BEGIN Available data

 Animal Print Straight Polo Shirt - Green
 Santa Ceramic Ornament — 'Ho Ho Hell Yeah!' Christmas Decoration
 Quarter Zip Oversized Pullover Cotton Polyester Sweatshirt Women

END Available data
BEGIN Available data

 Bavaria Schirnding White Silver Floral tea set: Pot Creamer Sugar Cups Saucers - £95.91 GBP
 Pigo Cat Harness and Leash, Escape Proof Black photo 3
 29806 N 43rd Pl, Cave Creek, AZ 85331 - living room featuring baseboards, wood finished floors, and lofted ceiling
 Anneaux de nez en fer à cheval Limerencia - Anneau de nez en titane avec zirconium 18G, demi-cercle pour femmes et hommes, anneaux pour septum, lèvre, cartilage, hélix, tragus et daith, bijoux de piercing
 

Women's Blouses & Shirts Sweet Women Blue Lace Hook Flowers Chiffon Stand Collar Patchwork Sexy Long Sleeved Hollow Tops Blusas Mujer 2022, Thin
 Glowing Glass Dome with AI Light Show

END Available data
BEGIN Available data

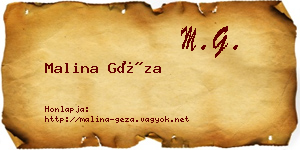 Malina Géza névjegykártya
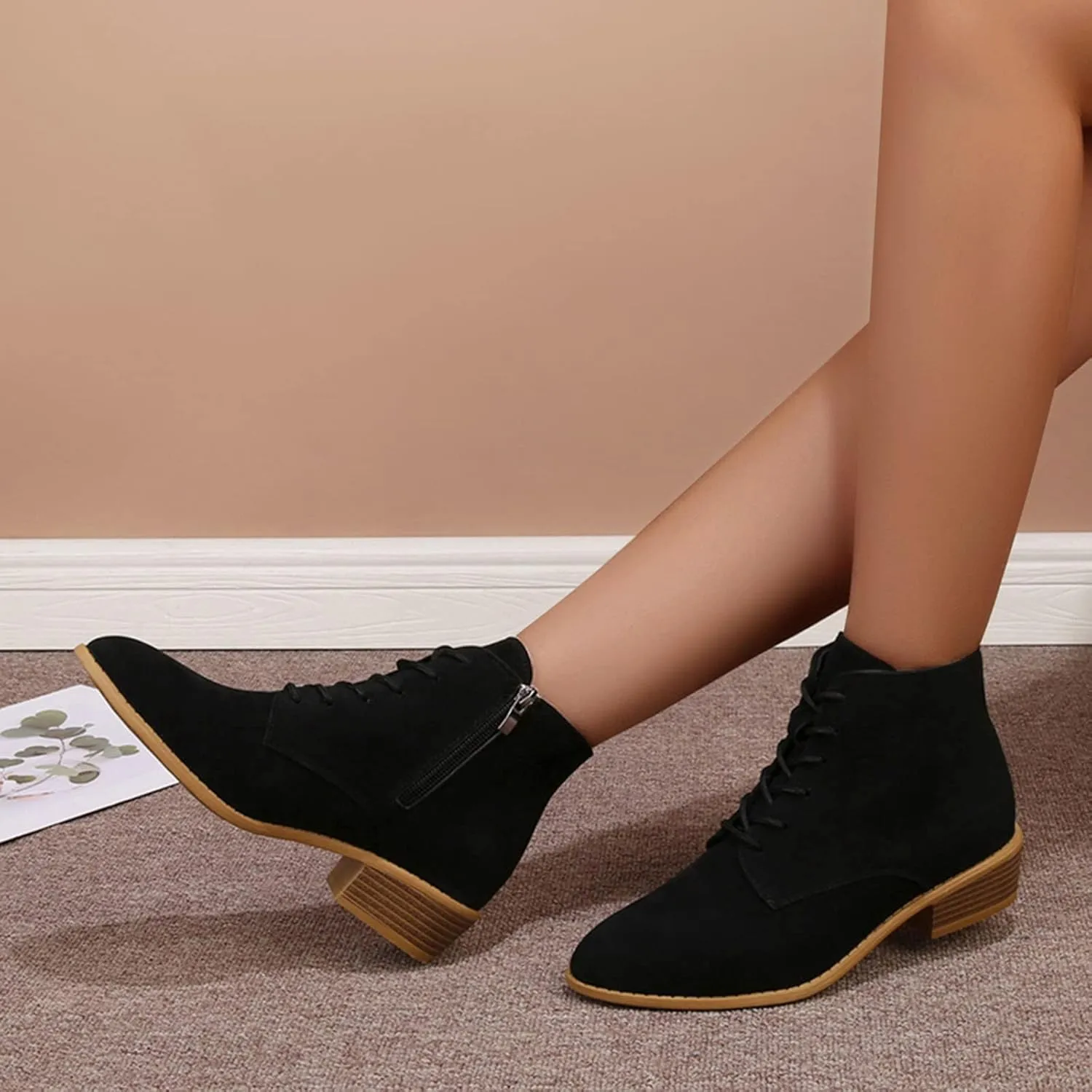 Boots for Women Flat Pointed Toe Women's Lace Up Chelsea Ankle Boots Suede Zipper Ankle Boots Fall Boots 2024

END Available data

• [Work required]: Return, with no change at all, every line in the entries above from the line containing "Pigo Cat Harness" through the line containing "29806 N 43rd".

• [Solution to this task]:
 Pigo Cat Harness and Leash, Escape Proof Black photo 3
 29806 N 43rd Pl, Cave Creek, AZ 85331 - living room featuring baseboards, wood finished floors, and lofted ceiling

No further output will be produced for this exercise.